The name "Ultra Secret" was adopted; "Ultra" for short.

Enigma, which meant puzzle, was the machine which sent many to their grave a little bit early. Without the codes and the signals from the Enigma being deciphered, there would be, in my opinion, a very large German country, with a whole new map consisting of, not just West and East Germany, but also North and South. If it was not for the boys in Poland and the groups working at Bletchley, the Enigma possibly would have gone through the war without anybody having the slightest idea of what messages it was conveying. Considering all the pressure that these people had to go through, they should get a lot more credit than they now have. Before researching this project, I had never before heard of Alan Turing or even Dillwyn Knox. But considering how secret the Enigma was, I can understand the lack of knowledge among most people.

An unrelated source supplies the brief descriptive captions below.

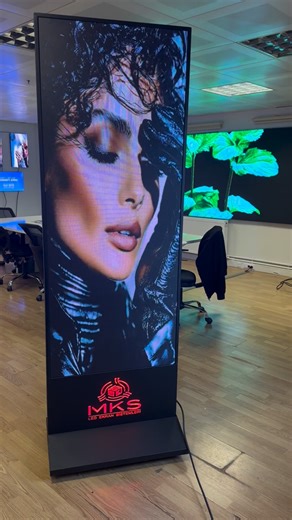 Mks Led Ekran Sistemleri on Instagram: "Ekran Ölçüsü • 192 × 64 cm • Alan: 1,23 m² Görüntü • Piksel aralığı: P2.5 • Çözünürlük: 768 × 256 px • Piksel yoğunluğu: 160.000 px/m² • Parlaklık: 800–1200 nit (Indoor ideal) • Yenileme hızı: ≥ 3840 Hz • Kontrast oranı: ≥ 5000:1 • Görüş açısı: 160° / 160° Teknoloji – GOB • Darbeye dayanıklı yüzey • Toz ve neme karşı ekstra koruma • Piksel kopması riski çok düşüktür • Uzun ömürlü, vitrin ve halka açık alanlar için ideal Elektrik • Maks. güç tüketimi: ~600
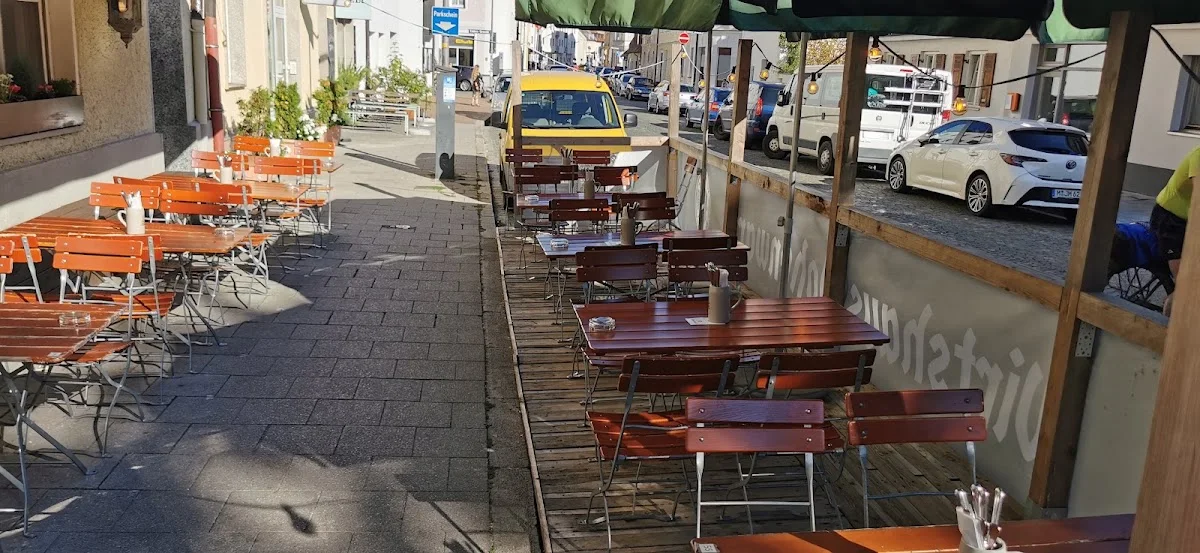 Wirtshaus Hohenwart – Atmosphäre in München, Bayern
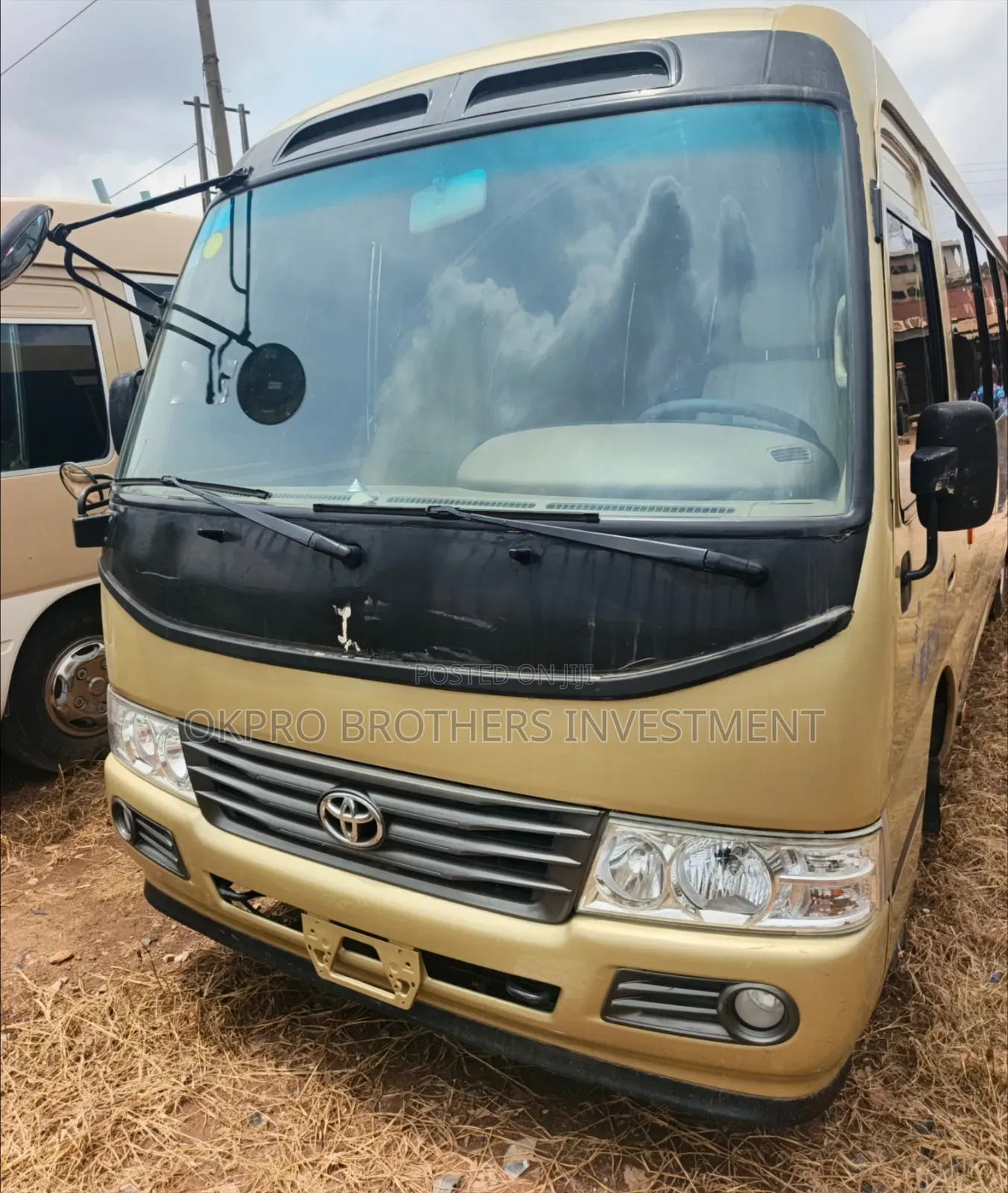 Toyota Coaster 2017 Gold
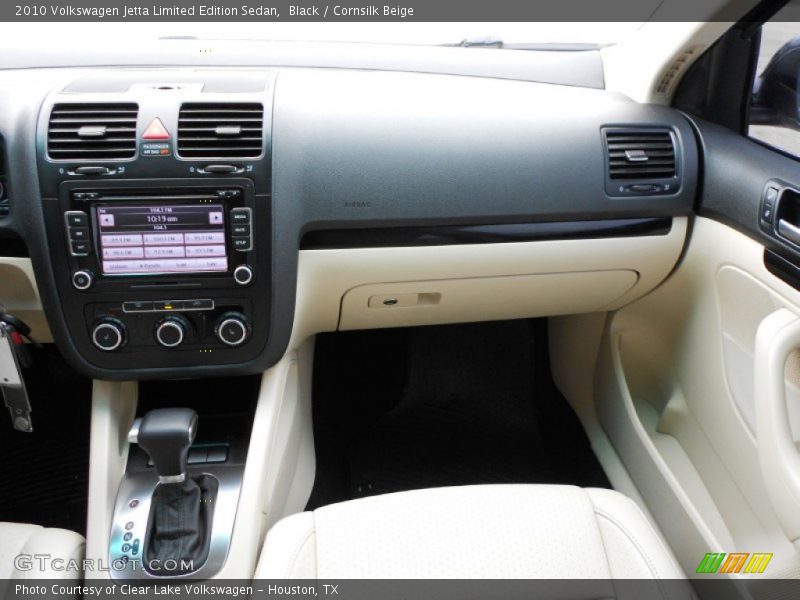 Black / Cornsilk Beige 2010 Volkswagen Jetta Limited Edition Sedan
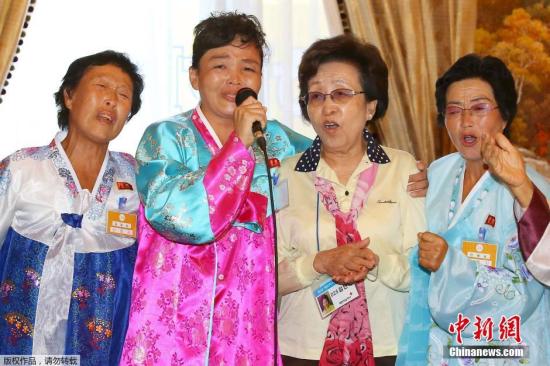 当地时间2015年10月24日，朝鲜金刚山，朝韩离散家属第二轮团聚活动在当地举行。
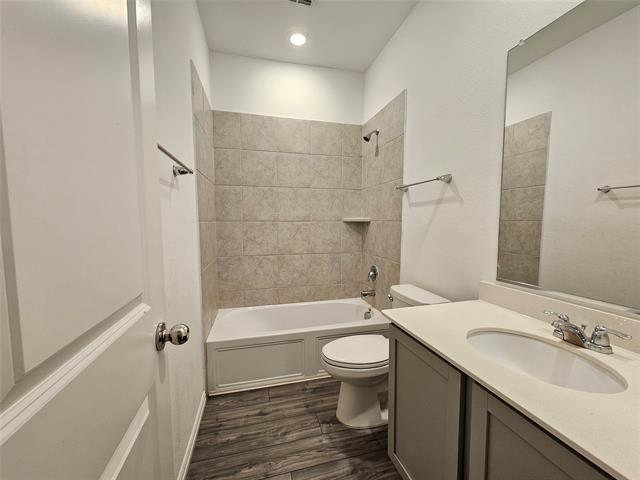 Building Photo - 3704 Milkweed Rd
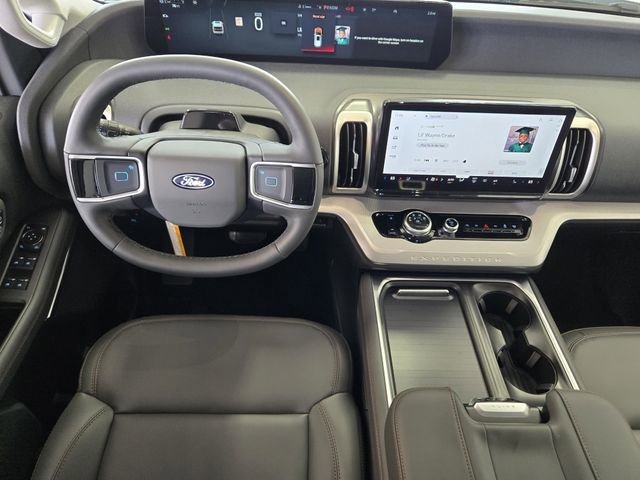 New 2025 Ford Expedition Active image 19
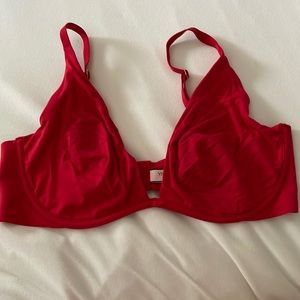 Victoria’s Secret unlined 36D bra, red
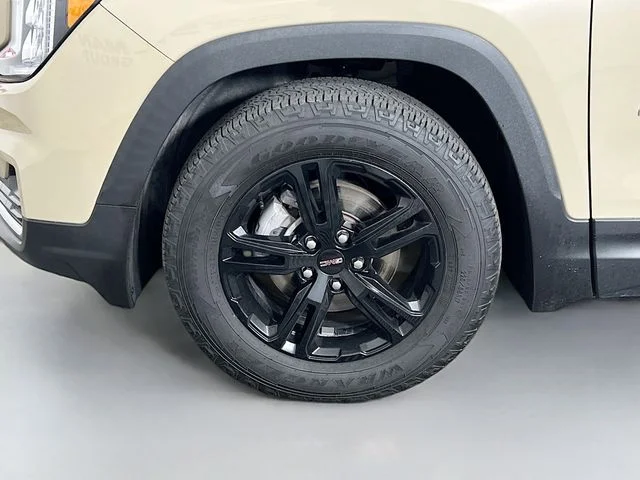 Used 2023 Beige GMC AT4 image 29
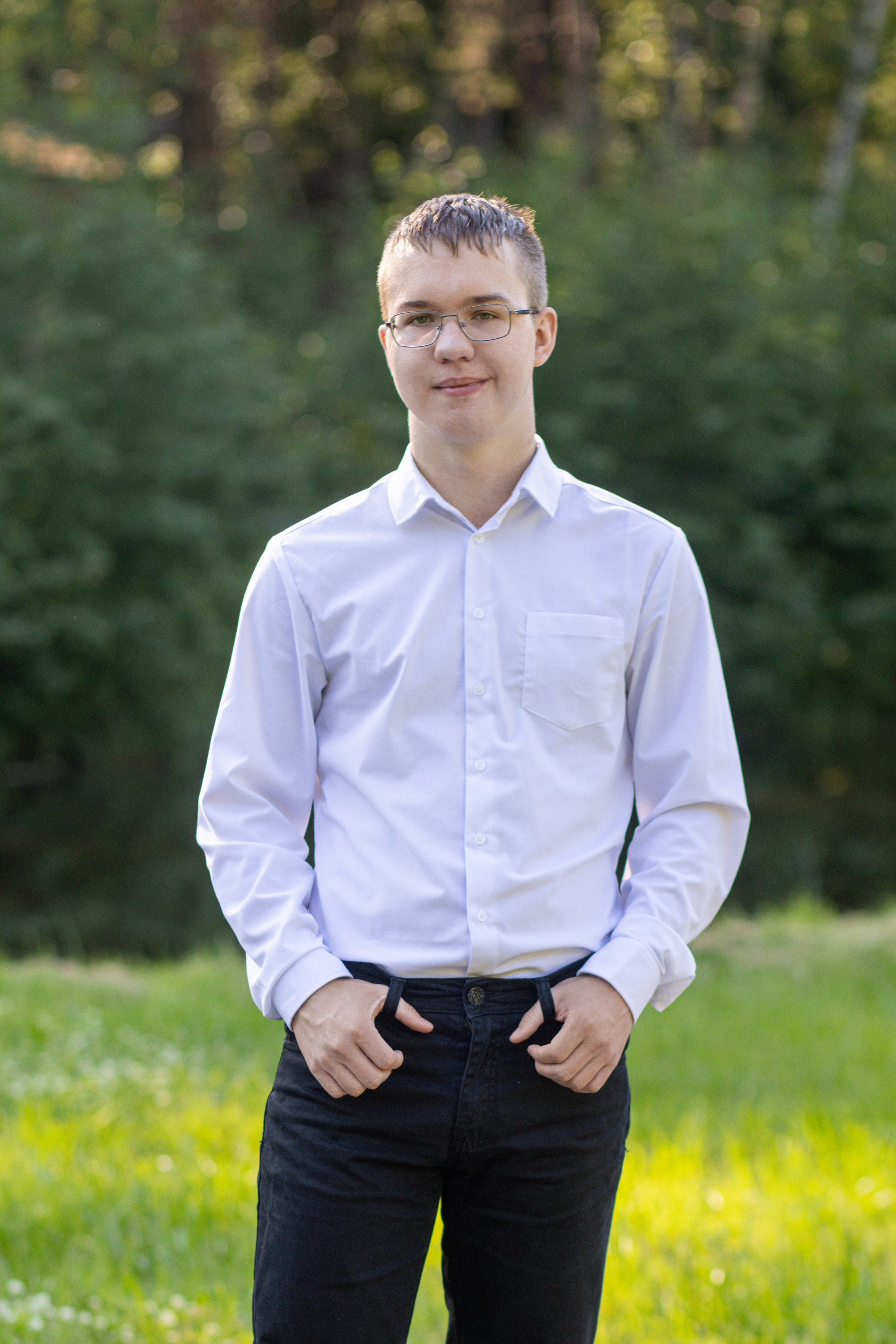 Фотосессия на выпускной. Школа № 12, 11 класс, 2024 г. Студия выпускных альбомов Остров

After all the codes were broken and most messages were being deciphered, the job was not done. Bletchley still had to accommodate for the changes the Germans made to the Enigma. Breaking one code was not enough, there was still very much to be done, considering the contacting of the people who needed to know what the codes said.

All the offices, barracks, and huts at Bletchley Park continued to work: the teleprinters carried typing, the experts continued to pore over their texts, deciphering signals at top speed, but the most important and the most dramatic period of the war had ended.

The war still continued in the Far East and the atom bomb had not yet been dropped, but the Enigma's decipherment and all its secrets, successes, achievements, and failures had played its part.

BIBLIOGRAPHY

Garlinski, Józef. The Enigma War. Charles Scriber's Sons, New York, NY.(c)1979.

Winterbotham, F.W. The Ultra Secret. Harper & Row, Publishers. SanFransisco, CA. (c)1974.

Bourdon, Georges. The German Enigma. J.M. Dent & Sons LTD. London, England. (c)1977.